> **Exercise description**:
For the records that follow, please set down exactly the lines between the one holding "Funky Monkeys Sticker" and the one holding "GazeboMate 3M x", inclusive, and only those.

> **Source information**:

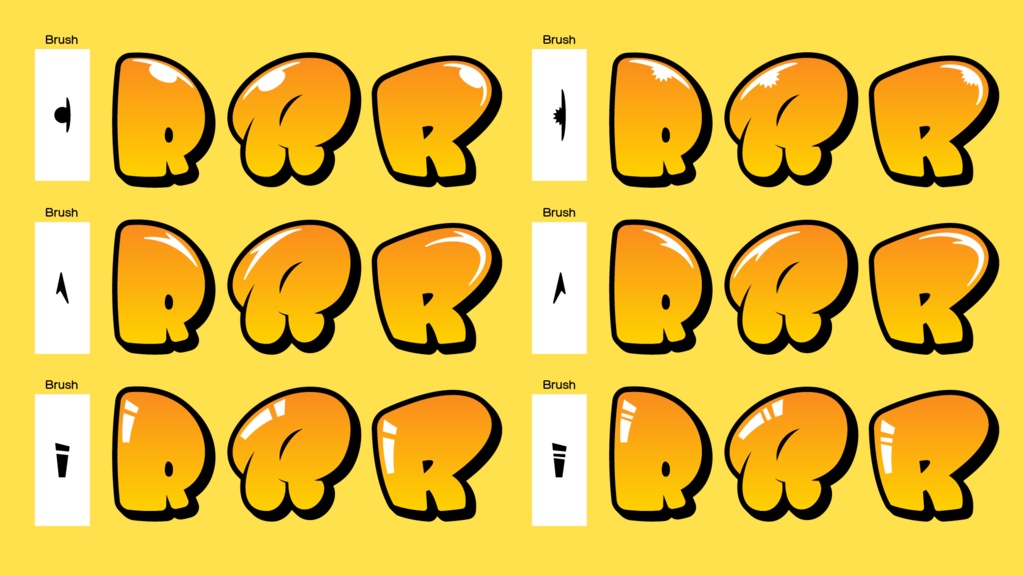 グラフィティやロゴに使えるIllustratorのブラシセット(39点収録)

--

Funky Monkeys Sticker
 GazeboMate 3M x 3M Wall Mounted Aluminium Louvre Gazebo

...

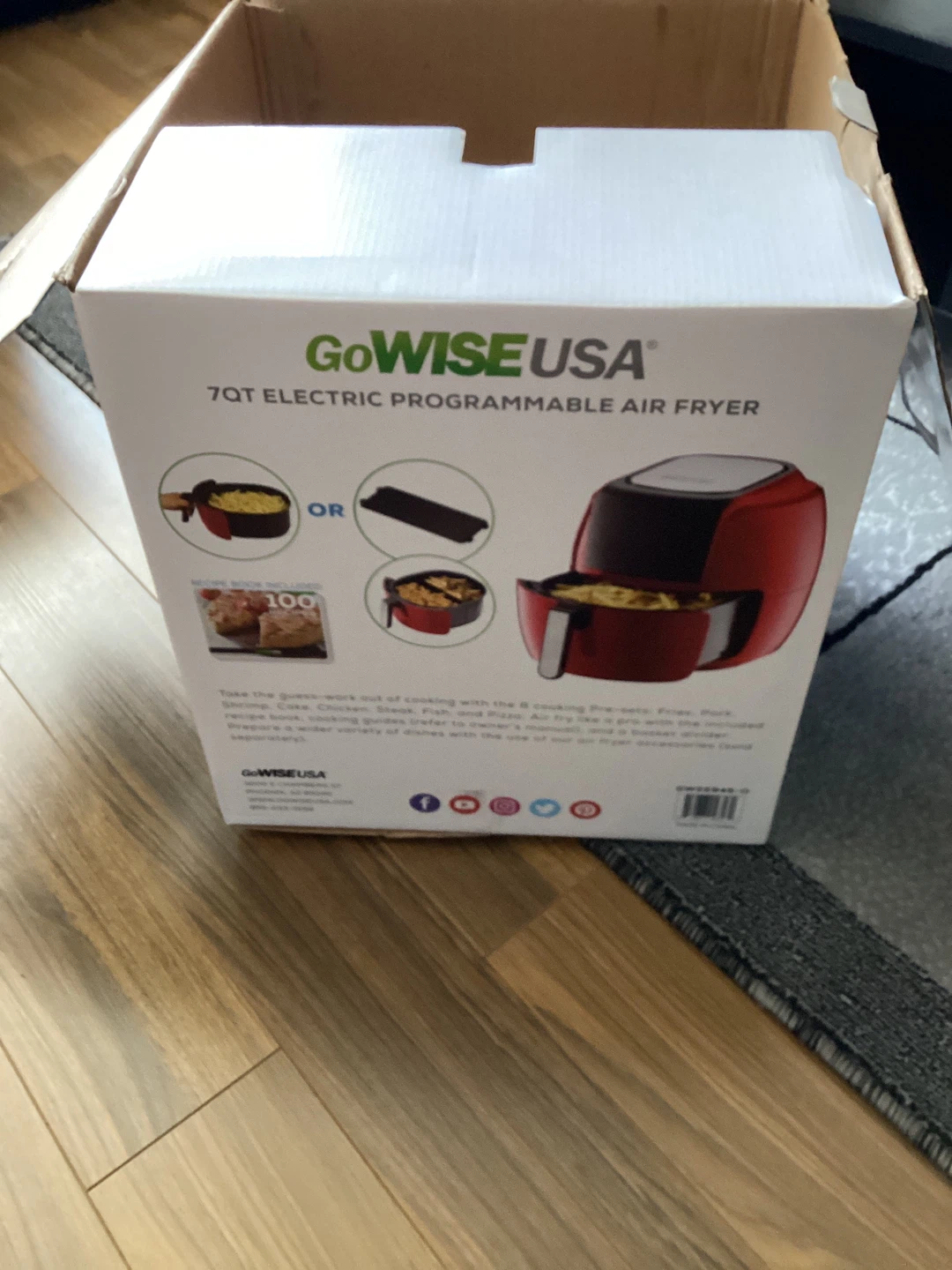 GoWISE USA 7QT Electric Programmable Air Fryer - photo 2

> **The answer**:
Funky Monkeys Sticker
 GazeboMate 3M x 3M Wall Mounted Aluminium Louvre Gazebo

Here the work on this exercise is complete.